* **Task goal**
Look below for the lines from the one with "NWOT Lucky Brand" to the one with "Item preview, Elephant", and copy exactly those lines, both ends included.

* **Records for processing**
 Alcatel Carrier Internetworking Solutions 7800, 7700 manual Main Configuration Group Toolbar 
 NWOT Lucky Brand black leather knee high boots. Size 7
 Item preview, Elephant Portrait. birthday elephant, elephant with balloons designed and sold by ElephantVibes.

--

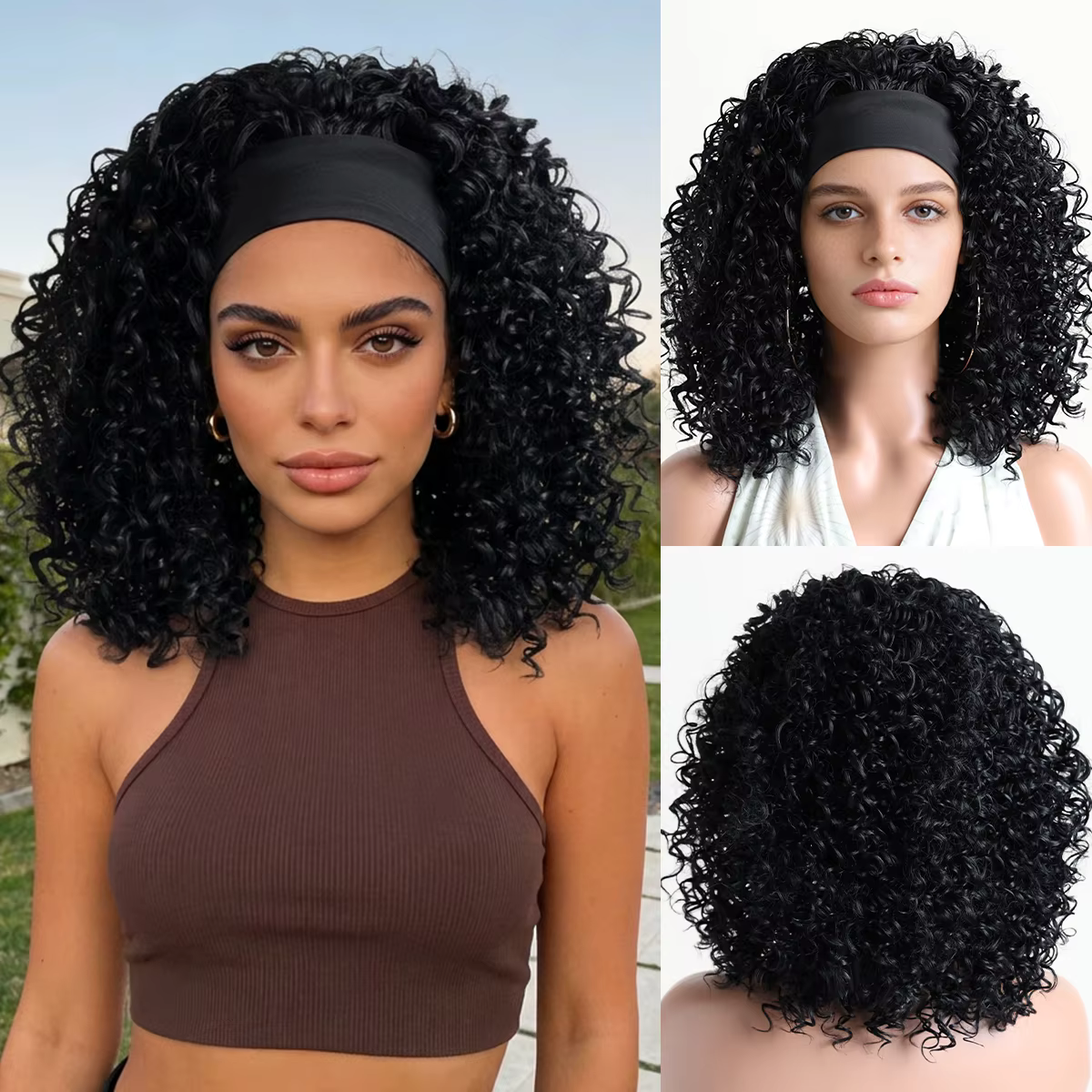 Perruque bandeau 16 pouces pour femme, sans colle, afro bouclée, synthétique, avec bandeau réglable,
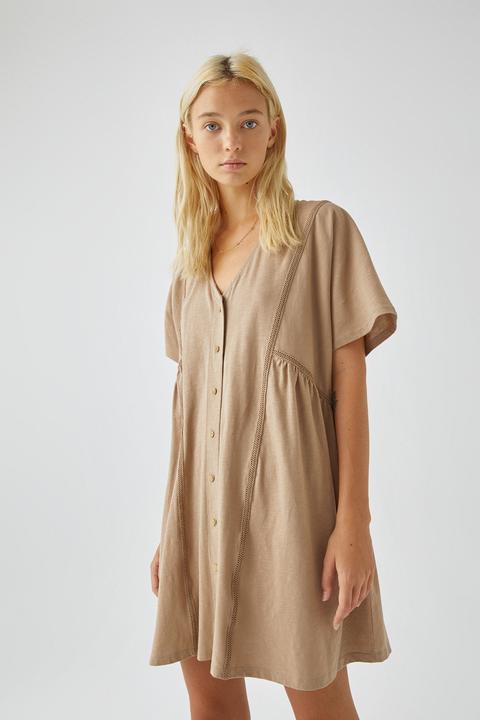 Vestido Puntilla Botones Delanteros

* **Exercise result**
 NWOT Lucky Brand black leather knee high boots. Size 7
 Item preview, Elephant Portrait. birthday elephant, elephant with balloons designed and sold by ElephantVibes.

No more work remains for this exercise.